Biochar stimulates nitrogen loss in anoxic soil through ammonium oxidation coupled with iron reduction
Bo Yi,
Qichun Zhang,
Steven J. Hall,
Xiang Zou,
Wenjuan Huang,
Wenjuan Yu,
Qinsi He,
Peiyu Cao,
Jing Hou,
Jiuwei Song,
Hongjie Di,
Chaoqun Lu
Affiliations
Bo Yi
Zhejiang Provincial Key Laboratory of Agricultural Resources and Environment, State Key Laboratory of Soil Pollution Control and Safety, Zhejiang University, Hangzhou, PR China; Department of Ecology, Evolution, and Organismal Biology, Iowa State University, Ames, IA, USA
Qichun Zhang
Zhejiang Provincial Key Laboratory of Agricultural Resources and Environment, State Key Laboratory of Soil Pollution Control and Safety, Zhejiang University, Hangzhou, PR China; Corresponding author.
Steven J. Hall
Department of Plant and Agroecosystem Sciences, University of Wisconsin-Madison, Madison, WI, USA
Xiang Zou
Zhejiang Provincial Key Laboratory of Agricultural Resources and Environment, State Key Laboratory of Soil Pollution Control and Safety, Zhejiang University, Hangzhou, PR China
Wenjuan Huang
Department of Ecology, Evolution, and Organismal Biology, Iowa State University, Ames, IA, USA
Wenjuan Yu
State Key Laboratory of Subtropical Silviculture, Zhejiang A&F University, Hangzhou, Zhejiang, PR China
Qinsi He
College of Water Conservancy and Civil Engineering, Inner Mongolia Agricultural University, Hohhot, Inner Mongolia, PR China
Peiyu Cao
Department of Global Development, College of Agriculture and Life Sciences, Cornell University, Ithaca, NY, USA
Jing Hou
Department of Statistics, Iowa State University, Ames, IA, USA
Jiuwei Song
Yancheng Teachers University, Yancheng, Jiangsu, PR China
Hongjie Di
Zhejiang Provincial Key Laboratory of Agricultural Resources and Environment, State Key Laboratory of Soil Pollution Control and Safety, Zhejiang University, Hangzhou, PR China
Chaoqun Lu
Department of Ecology, Evolution, and Organismal Biology, Iowa State University, Ames, IA, USA
Anaerobic ammonium oxidation coupled with iron (Fe) reduction, known as Feammox, is an important nitrogen (N)-cycling pathway in anoxic soils. Biochar, widely employed as a soil amendment, has been reported to influence N dynamics through its redox-active moieties, but the effects on Feammox of biochar produced with different pyrolysis temperatures remain poorly understood.
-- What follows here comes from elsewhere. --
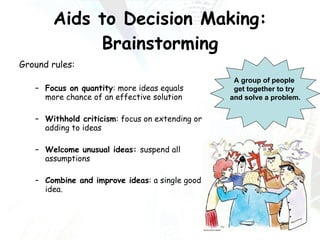 Aids to Decision Making: Brainstorming Ground rules: Focus on quantity : more ideas equals more chance of an effective solution Withhold criticism : focus on extending or adding to ideas Welcome unusual ideas:  suspend all assumptions Combine and improve ideas : a single good idea. A group of people  get together to try  and solve a problem. 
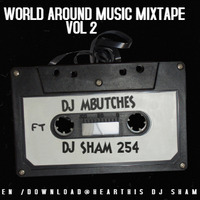 DJ MBUTCHES X DJ SHAM 254 WORLD AROUND MUSIC VOL 2 by DJ SHAM 254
We conducted a slurry incubation in rice-paddy soil with 15N-isotope tracing to examine the impact of biochar pyrolyzed at 300 °C and 600 °C on Feammox under different Fe availability conditions (addition of ferrihydrite, goethite, or no Fe). Biochar pyrolysis temperature and Fe availability impacted rates of Feammox. Specifically, adding biochar pyrolyzed at 600 °C to soil at a 2 % mass ratio stimulated N loss through Feammox by 0.03 to 0.07 μg N g−1 soil d-1, likely by facilitating electron transfer via its surface redox-active moieties. Feammox was highly correlated with Fe reduction despite contributing only a small fraction to overall Fe reduction. Feammox rates were greatest with ferrihydrite addition and lowest with no Fe addition, and correlated with the abundance of a known Feammox bacterium (Acidimicrobiaceae bacterium A6). In contrast, biochar pyrolyzed at 300 °C did not stimulate Feammox, likely due to a lack of electron shuttling capacity. Overall, our findings highlight a stimulation effect of biochar pyrolyzed at high temperature on promoting N loss as dinitrogen, underscoring its potential utility for environmentally-friendly removal of excess N from anoxic soil.